The initiative from the Swedish Tourist Association marks the 250th anniversary since the country became the first in the world to introduce a constitutional law to abolish censorship.
So-called ambassadors have signed up to answer the phone to people around the world "to show real Sweden - a unique country worth visiting," says Magnus Ling, general secretary and CEO of the Swedish Tourist Association.
According to Adweek, Mr Ling said: "In troubled times, many countries try to limit communication between people, but we want to do just the opposite."
"We are making Sweden the first country in the world with its own phone number and giving fellow Swedes the opportunity to answer the calls, express themselves and share their views, whatever they might be."
The Independent called +46 771 793 336 and spoke to 46-year-old Anna. She lives in the countryside just south of Jonkoping and works in environment and healthcare services for her local community.
Why did you decide to take part in this initiative?
“I think it’s really interesting to talk to other people and to share and to know about different countries.”
If I were to visit Sweden, where should I go?
“I would tell you to go to Stockholm, our capital. It’s really nice; it’s a little bit old-fashioned. And then I would recommend you to go to the north of Sweden, where I really come from, to see the mountains, to see the forests, to see the views from the mountains.”
Why should people come to Sweden?
“It’s peaceful. I have relatives in France and the first time they came here, they said: ‘It’s so peaceful, it’s calm.’ It’s not busy in the town. And the people are friendly. Not everywhere but most people, genuine Swedish people, are friendly.
What’s the best thing about Sweden?
“The nature. It’s not so polluted. It’s not destroyed. It’s clean here.”
Have you ever been to the UK?
“I have been to London.”
How is London different to Sweden?
“I love the big cities and interesting food and to see different people. But it’s more polluted and not [as] clean as the big cities in Sweden, I would say.”
If a refugee wanted to come to Sweden, what would you tell them?
“That the [atmosphere among people in Sweden] is not as friendly [as it used to be].”
“I think it’s okay to come here. But some people hate the refugees and it’s tougher. It wasn’t like that before. I think the Swedish people think they will take our welfare.”

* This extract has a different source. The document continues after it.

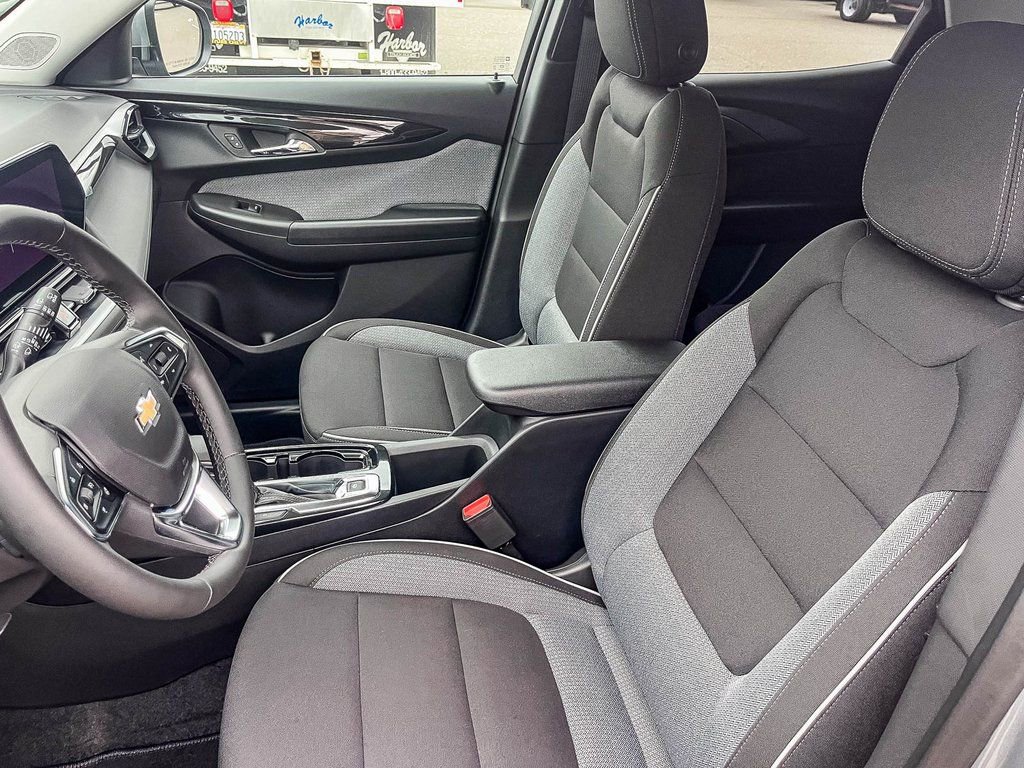 New 2026 Chevrolet TrailBlazer LT w/ Convenience Package image 16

What do you think about Zlatan [Zlatan Ibrahimovic, captain of Sweden's national football team]?
“I’m not a football fan at all. I just know he is famous and I have [heard] he has a temper.”
So far, the total call duration has reached more than nine days since the initiative was launched on Wednesday. And more than 5,600 calls have been made to random Swedes.
Of the incoming calls, 37 per cent have come from Turkey, followed by the US at 30 per cent and the UK at seven per cent.